Dove tutti mentono, nessuno si fida più di nessuno. E così il potere può governare indisturbato.
Hannah Arendt
Ci sono film che scivolano leggeri come una cartolina natalizia e altri che, invece, usano la neve come carta vetrata. L’anno nuovo che non arriva appartiene saldamente alla seconda categoria: un racconto che parla del Capodanno come di un miraggio burocraticamente negato, un diritto sospeso tra l’inerzia dello Stato e la tenacia infantile. Mureșanu, con la sua regia asciutta e minimalista, costruisce una parabola sulla pazienza dei vivi intrappolati nella logica dei poteri che regolano i morti.
Intreccia sei esistenze “minori”: tutte vite ordinarie, segnate da speranze piccole — un appartamento accogliente, una fuga verso la libertà, una recita natalizia — ma sospese sul crinale dell’abisso politico. Quel confine tremolante tra “vita normale” e “catastrofe annunciata”.
L’opera si muove come un trattato esistenziale travestito da fiaba: la vita, qui, non fluisce ma ristagna; il futuro non arriva, resta sospeso come un pacco smarrito. L’onnipresente apparato burocratico – impersonato da funzionari che sembrano usciti da un gabinetto kafkiano dove la luce al neon ha smesso di funzionare – recita la parte di un oracolo stanco, incapace di prevedere perfino il cambio della data. Mureșanu osserva questi meccanismi con sarcasmo misurato: non c’è caricatura, ma una malinconica comicità che affiora nei dettagli – gli annunci ripetuti, i moduli inutili, le scuse sempre uguali.
Il film non veste i suoi protagonisti da eroi sovrumani: si tratta di gente che pianta cartelloni, cambia appartamenti, scrive lettere a Santa, organizza show di fine anno. Ma è proprio in questa “normalità distorta” che Mureșanu trova la sua potenza narrativa — come un grottesco teatro dell’assurdo in cui l’intero sistema viene smascherato.
E quando, finalmente, sull’onda disordinata della Storia, scoppia un petardo — nelle mani di una coppia improbabile — e la rivoluzione esplode, è come se la banalità di tutte quelle esistenze si sollevasse in una vibrazione collettiva: la fine di un mondo, e l’inizio di niente di garantito.
Politicamente, il film è una fiondata elegante: ci ricorda come i poteri forti sappiano fare ciò che fanno da sempre – trasformare l’attesa in un metodo di controllo. Se il nuovo anno non arriva, il vecchio rimane. E con lui, rimangono i suoi riti vuoti e le sue promesse congelate.

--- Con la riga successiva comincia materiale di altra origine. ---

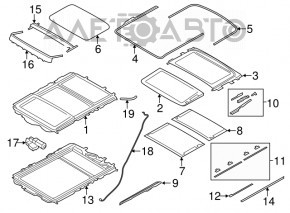 Стекло люка переднее BMW X3 F25 11-17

La festa diventa così un esperimento sociale di immobilità forzata, un capolavoro di stagnazione organizzata.
Come in ogni dittatura — e come in certi regimi contemporanei sotto mentite spoglie — il potere sopravvive sulla menzogna, sulla paura, sul controllo del silenzio. Eppure, in un sistema del genere, persino una lettera ingenua a Babbo Natale può diventare atto di sovversione, un gesto di verità che scuote le fondamenta.
Le dittature si fondano sul non detto. La verità è un atto di vandalismo.
Danilo Kiš
Il film è un monito. È la denuncia che i “regali” che chiediamo — libertà, dignità, umanità — non arrivano mai da chi sta in alto: devono nascere dal basso, dal coraggio di chi osa scrivere, parlare, sperare.
In questo senso, L’anno nuovo che non arriva diventa una parabola universale: sull’abuso, sulla cecità del potere, sulla fragilità di chi sogna. Ma anche sulla potenza — quasi comica, quasi parossistica – di chi detiene il potere, ignaro in malafede, di tutto quello che può accadere.
Ogni forma di potere è una caricatura di sé stessa.
Emil Cioran
La libertà non si conquista: si riconquista.